Legal Thoughts/Considerations on Homeowner’s Insurance
Considered by many to cover the homestead against property damage or loss due to weather and fire, homeowner’s insurance also comes into play when claims covered by the policy are made against the insured, and/or residents.
Situations can arise involving premises liability claims for guests or persons present at the house, and coverage generally provides liability protection for ice or unsafe surfaces, dog bites, or falls caused by conditions on the premises. The person bringing the claim is required to prove a breach or failure to exercise the required standard of care – a duty under the circumstances. The standard of care required is usually ordinary care under the circumstances, however each case can present unique situations that could possibly require a heightened standard of care, such as what a careful person would do under the same or similar circumstances.

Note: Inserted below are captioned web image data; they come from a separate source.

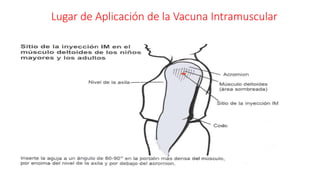 Lugar de Aplicación de la Vacuna Intramuscular
 
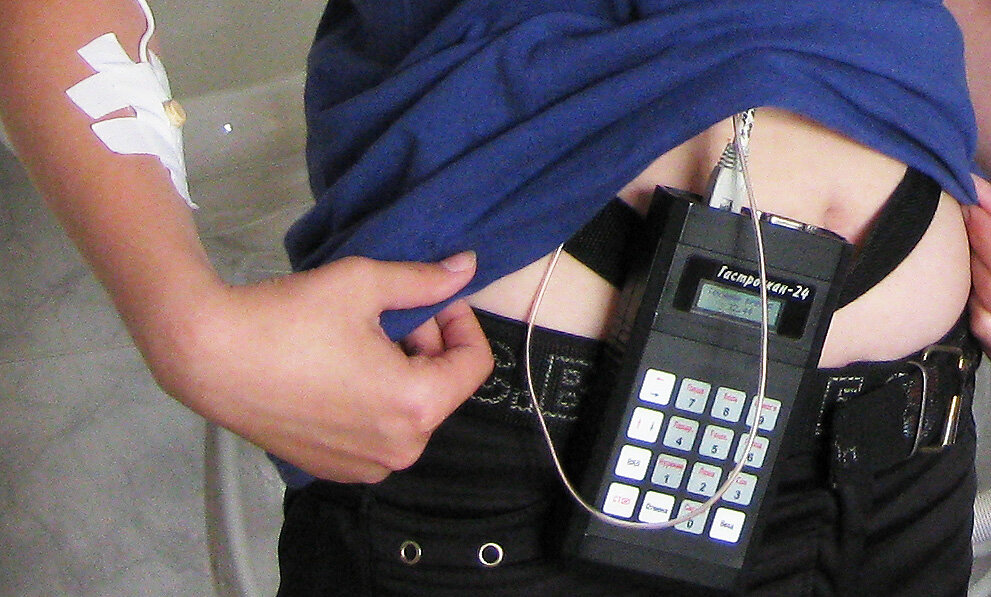 С таким приемником и зондом необходимо ходить при суточном мониторировании кислотности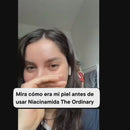 The ordinary niacinamida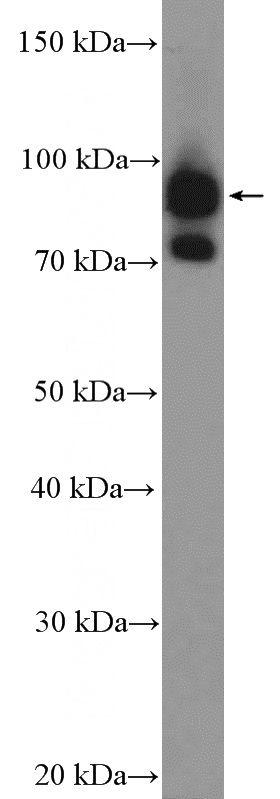 U-251 cells were subjected to SDS PAGE followed by western blot with Catalog No:110245(ENAH Antibody) at dilution of 1:2000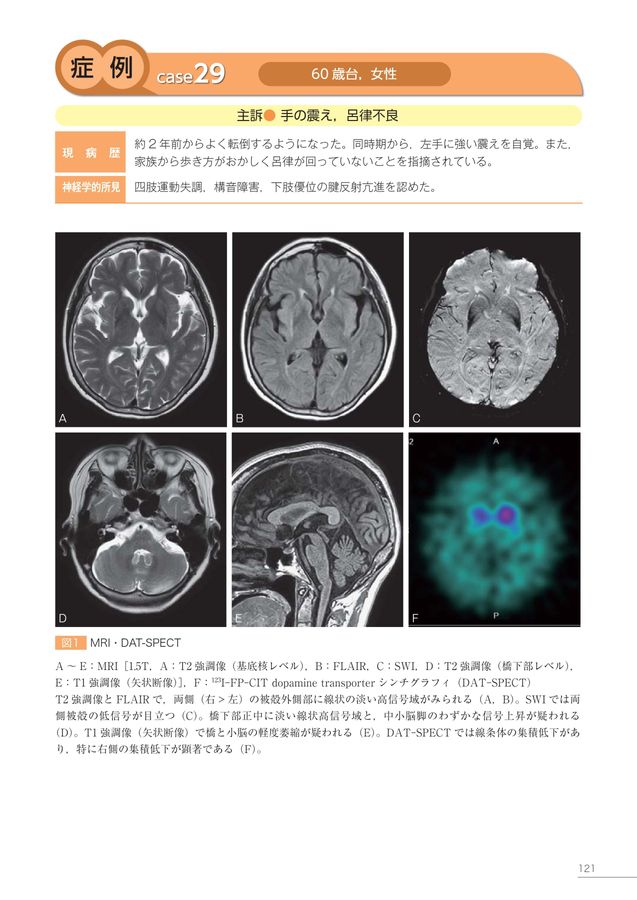 神経疾患のMRI | 高橋 睦正 |本 | 通販 | Amazon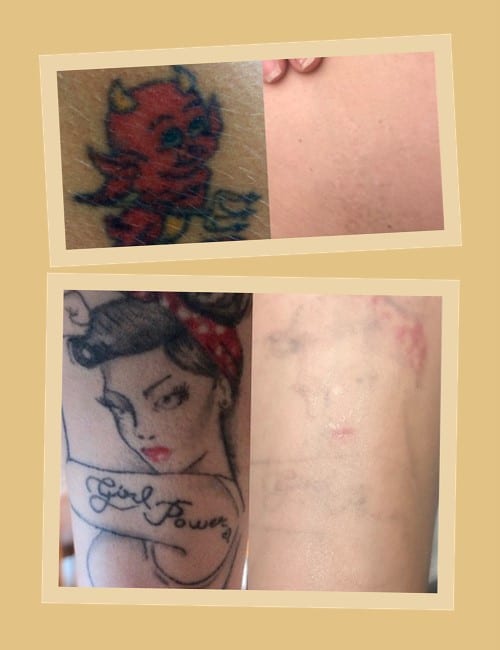 переваги лазерного методу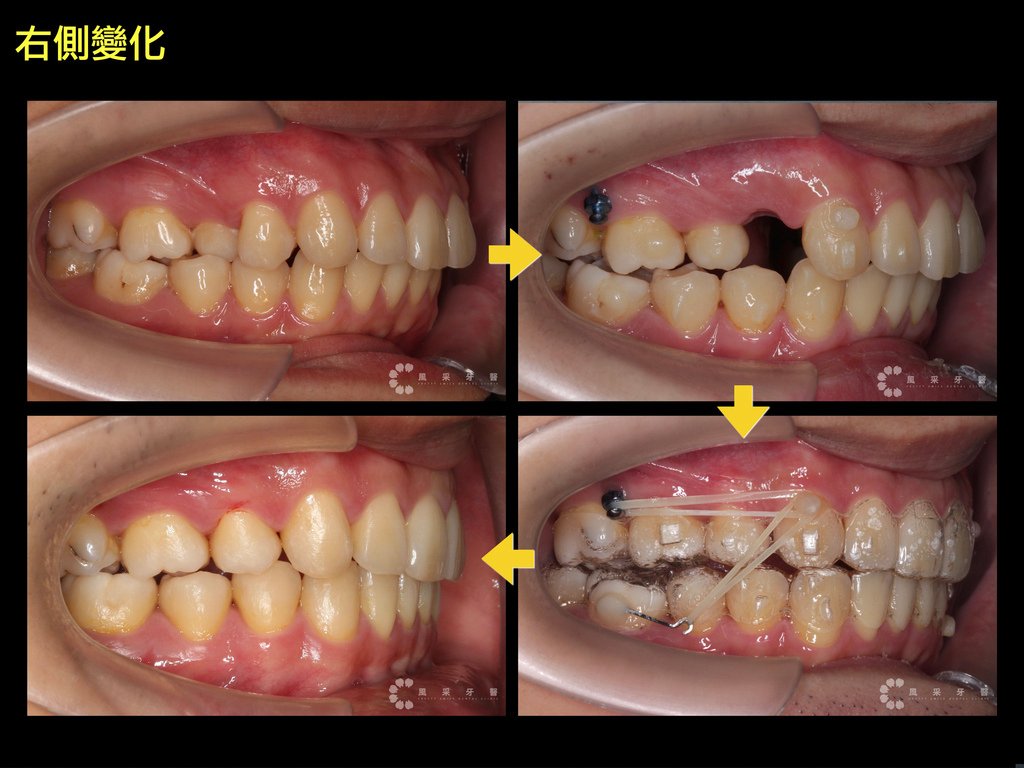 0841209陳弘育 網路行銷用 上顎變化.022.jpeg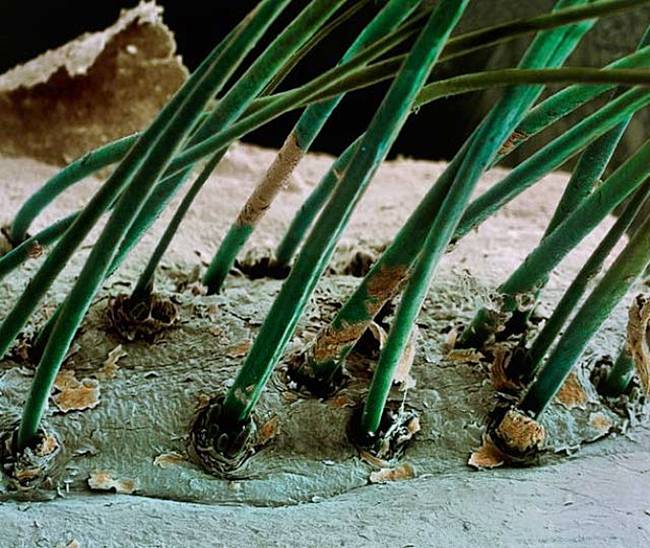  Eyelash hairs growing from the surface of human skin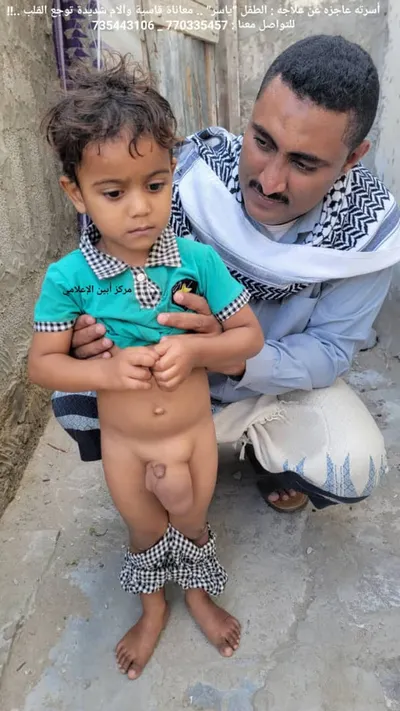 اخبار اليمن الان مناشدات عاجلة لإنقاذ يعاني مؤلمة اخبار اليمن الان الحدث اليوم عاجل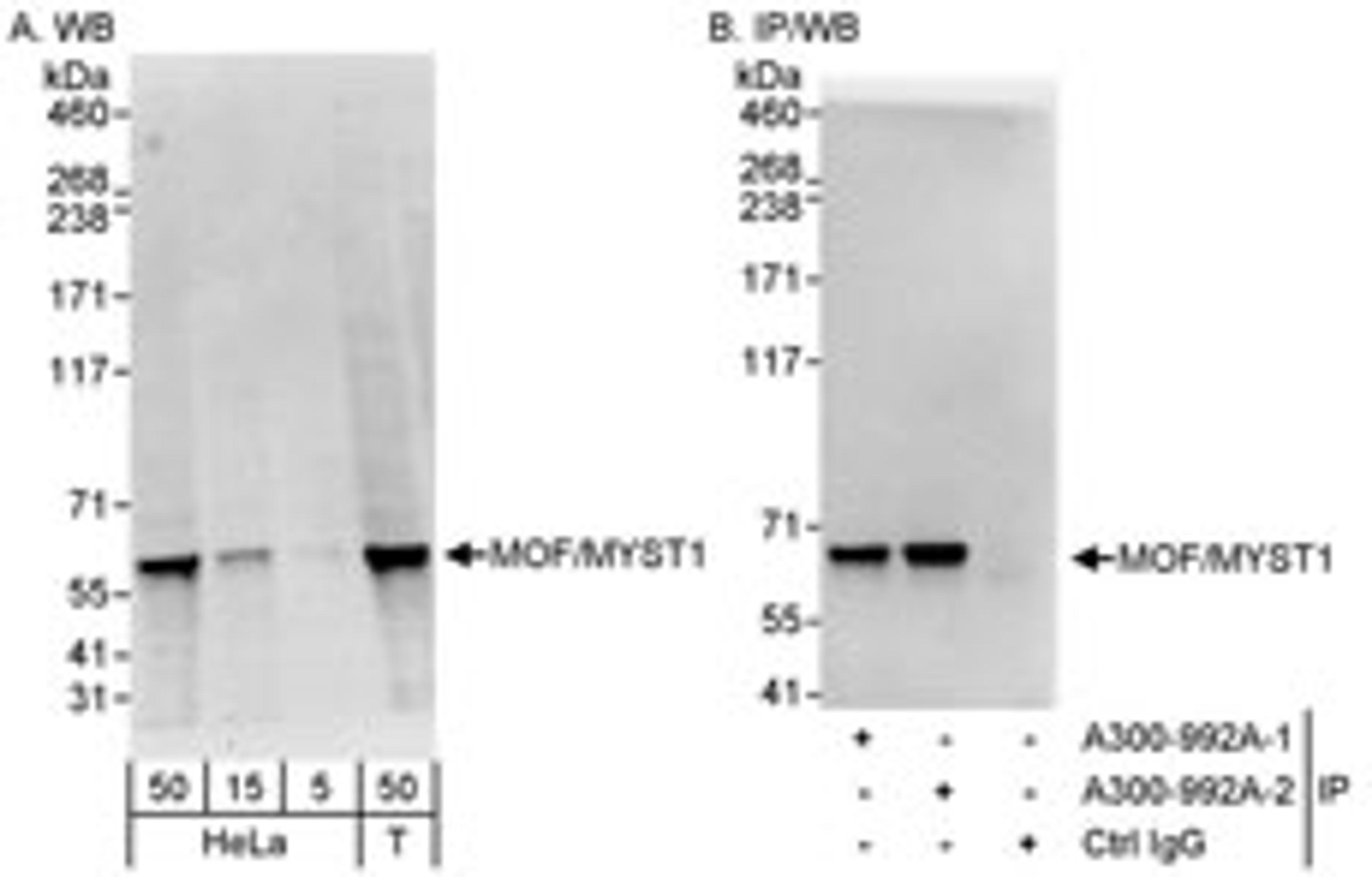 Detection of human MOF/MYST1 by western blot and immunoprecipitation.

Homeowner’s coverage can apply to situations off of the premises when an insured person is alleged to have behaved negligently by violating a duty. This could involve altercations such as a bar fight, argument at a sports game, road rage incidents, behavior at school, or situations where a personal duty to behave appropriately was not adhered to and caused harm.
Firing a gun in a negligent fashion, and not intentionally, could result in a claim made where it is alleged the bullet/projectile caused damage. This could be damage to a house, or possibly to a person standing behind brush or an enclosure where they were not seen by the shooter.
Conduct which is intentional, where an insured person acts in a way that caused the result, is generally excluded from coverage. There could, however, be variations where coverage would be triggered, such as a situation where it is alleged a parent entrusted a vehicle or weapon to a minor, or a person who is incompetent to manage and use the item appropriately under the circumstances.
Common situations do arise where the benefit of homeowner’s insurance is illustrated. Running (on foot) into a lane of traffic to retrieve something that fell on the roadway, causing cars to stop and slow, where one of the slowing vehicles is struck by a vehicle from behind, may result in a claim against the pedestrian (insured) for running into a lane of traffic when it is unsafe to do so.
Lost or stolen items also fall within homeowner’s coverage, and it is always helpful to have a video or listing of property. Most policies have limits for cash or other valuables and, depending on the policy, coverage may be provided for replacement value.
In the event there is a fire, many policies will provide coverage for an alternate dwelling for a certain time period (usually from 60 days to 6 months). The alternate dwelling is usually one that is similar to the dwelling which is insured.
Although some people consider cancelling homeowner’s insurance once the mortgage on their home is paid off, this can be an expensive proposition in a situation where a claim is made which could result in a judgment lien being placed against the property. While seemingly expensive (for a sum of $1,000-$3,000), homeowner’s coverage is a valuable resource providing protection to the insureds as well as their primary dwelling. Many insurance companies will consider providing an umbrella policy in connection with the homeowner’s policy that could provide an extra level of coverage.
Homeowner’s insurance is a valuable asset, providing peace of mind and protection of not only the homestead, but also to the persons insured under the policy.